··· Data for analysis ···
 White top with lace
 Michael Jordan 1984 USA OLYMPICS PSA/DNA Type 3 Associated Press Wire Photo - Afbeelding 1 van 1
···
··· Data for analysis ···
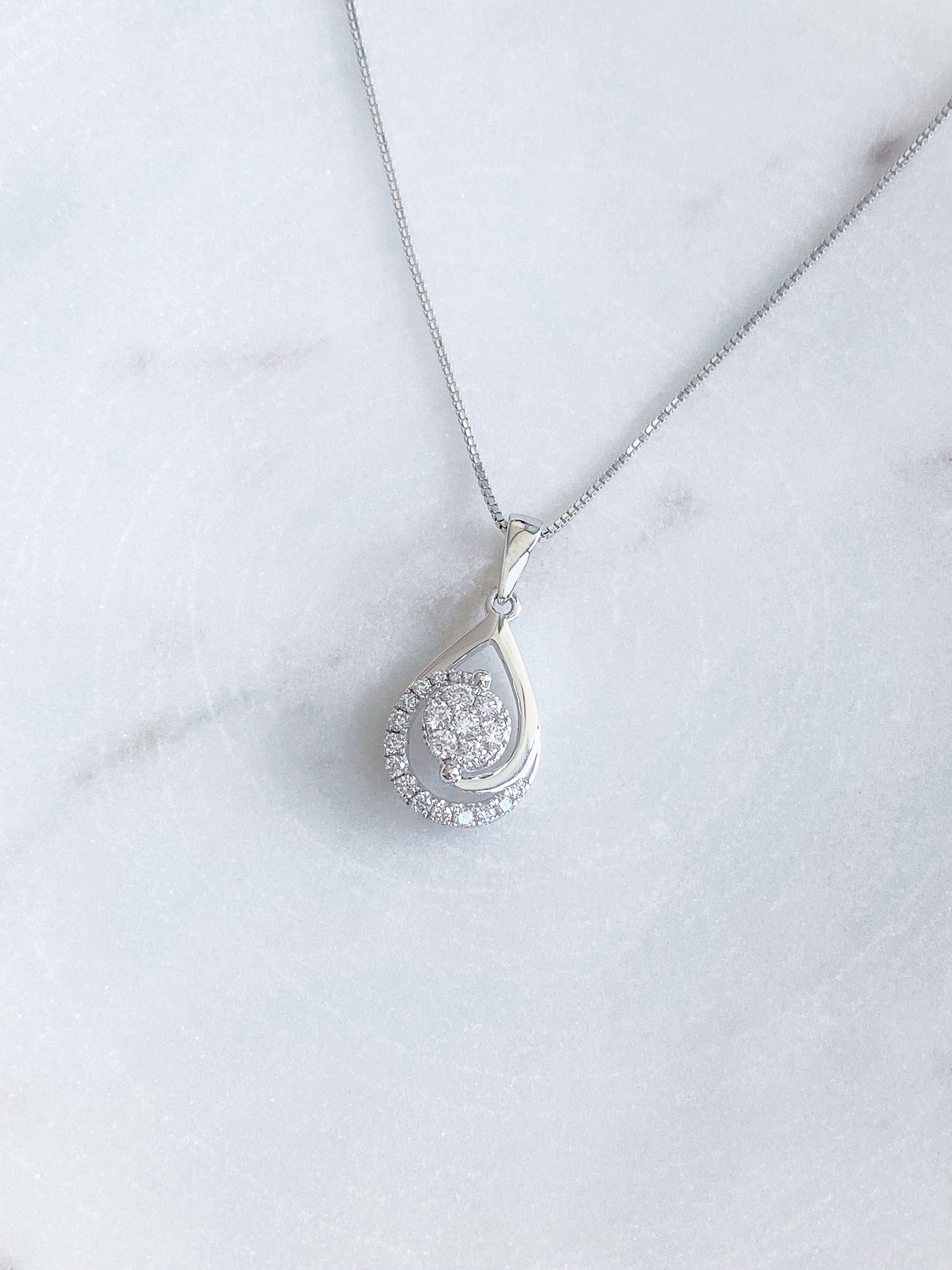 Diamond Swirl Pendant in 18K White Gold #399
···
- Required work
Retype exactly the lines of the data above that fall between the line with "White top with lace" and the line with "Michael Jordan 1984", inclusive, and add nothing.

- Answer to this problem
 White top with lace
 Michael Jordan 1984 USA OLYMPICS PSA/DNA Type 3 Associated Press Wire Photo - Afbeelding 1 van 1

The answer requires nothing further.